Kamis, 26 Maret 2009

NILA, SISWI 1 SD YANG HANYA MAKAN GATOT



Ditinggal Sang Ayah sejak usia 1 bulan

NILA, GADIS 1 SD YANG MASIH MAKAN TIWUL





Nila, gadis kelas satu SD Kare 6 Kecamatan Kare Kabupaten Madiun harus hidup hanya berdua dengan sang Ibu setelah ditinggalkan oleh sang ayah sejak umur satu bulan. Hidup ala kadarnya di lereng gunung wilis dijalani hingga saat ini.



Yatmiasih-Sang Ibu, memenuhi kebutuhan sehari-hari dengan menggarap lahan di sela-sela tanaman kopi milik perusahaan kopi di Kandangan Kare Kabupaten Madiun. Lahan yang tak terlalu luas yang digarap oleh Miasih-begitu panggilan ibu yatmiasih, ditanami jagung dan ketela. Ketela yang ditanam oleh Miasih panen setahun sekali, sementara jagung bisa sampai tiga kali.



“kemarin saya hampir tidak bisa menikmati hasil panen, karena jagung yang sudah siap panen dirusak dan dijarah oleh serombongan kera yang turun dari gunung. Kebetulan saat itu saya tidak bisa menjaga kebun karena sedang mengunjungi saudara di ponorogo. Esok harinya saat saya ke kebun ternyata sudah ludes.”



Miasih juga mengatakan tidak adanya penghasilan yang diterima rutin kecuali saat panen tiba dengan menjual hasil panen yang juga tak seberapa.
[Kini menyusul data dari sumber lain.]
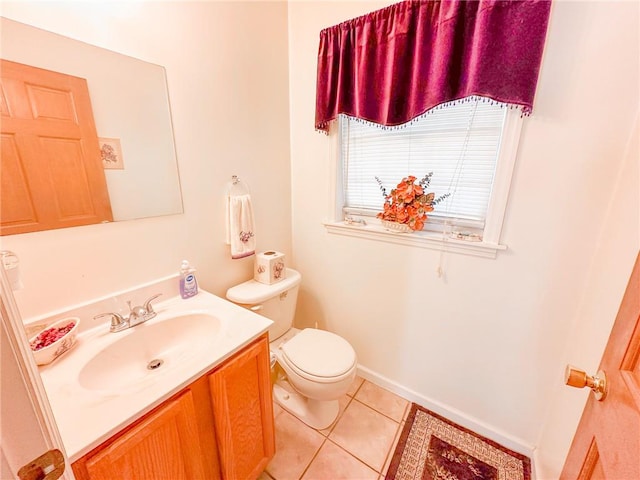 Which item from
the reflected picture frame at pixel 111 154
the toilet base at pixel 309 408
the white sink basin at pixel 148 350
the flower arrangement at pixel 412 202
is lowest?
the toilet base at pixel 309 408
Jarak antara rumah dan kebun sejauh 2-3 kilometer ditempuh dengan jalan kaki.

”Mengapa ibu tidak naik sepeda?” begitu tanya LMI Madiun

”saya tidak punya sepeda.” jawab beliau

”Tapi ibu bisa naik sepeda?”

”Belum. Tapi kalau ada sepeda saya bisa belajar. Minimal bisa untuk mengangkut hasil panen. Tidak seperti sekarang, tempatnya jauh akhirnya saya gendong bolak balik setengah gelangsing setiap hari”



Bu Miasih juga menceritakan kalau beliau baru berangkat ke kebun setelah anaknya berangkat dan pulang sekitar jam sebelas saat anaknya pulang sekolah.



”Setelah itu tidak ke kebun lagi bu?”

”Tidak. Sekarang saya sudah tua. Kalau sudah pulang mau berangkat lagi sudah tidak kuat. Dulu sejak Nila masih bayi dan belum masuk sekolah, selalu saya bawa ke kebun dan bisa pulang agak sore. Kalau sekarang, kasihan anak saya.”



Memprihatinkan itu kata yang tepat ketika Miasih menjawab pertanyaan staf LMI, “kalau ibu tidak ada penghasilan kecuali dari hasil panen, terus ibu dengan dik Nila makannya bagaimana?”

Miasih segera tertunduk dan merangkul anak semata wayang yang duduk di sebelahnya. Matanya sembab, tertunduk, mulai menangis dan terisak. Mungkin beliau merasa bersalah karena tidak bisa memberikan yang terbaik untuk anaknya.



“Saya hanya makan gatot”



Kami hanya bisa melongo. Bagaimana tidak, sementara tetangganya semua bisa menikmati nasi hangat setiap hari, ibu-anak ini hanya bisa makan makanan hasil olahan ketela yang dihasilkan dari lahan yang digarapnya setiap hari dari pagi hingga siang hari.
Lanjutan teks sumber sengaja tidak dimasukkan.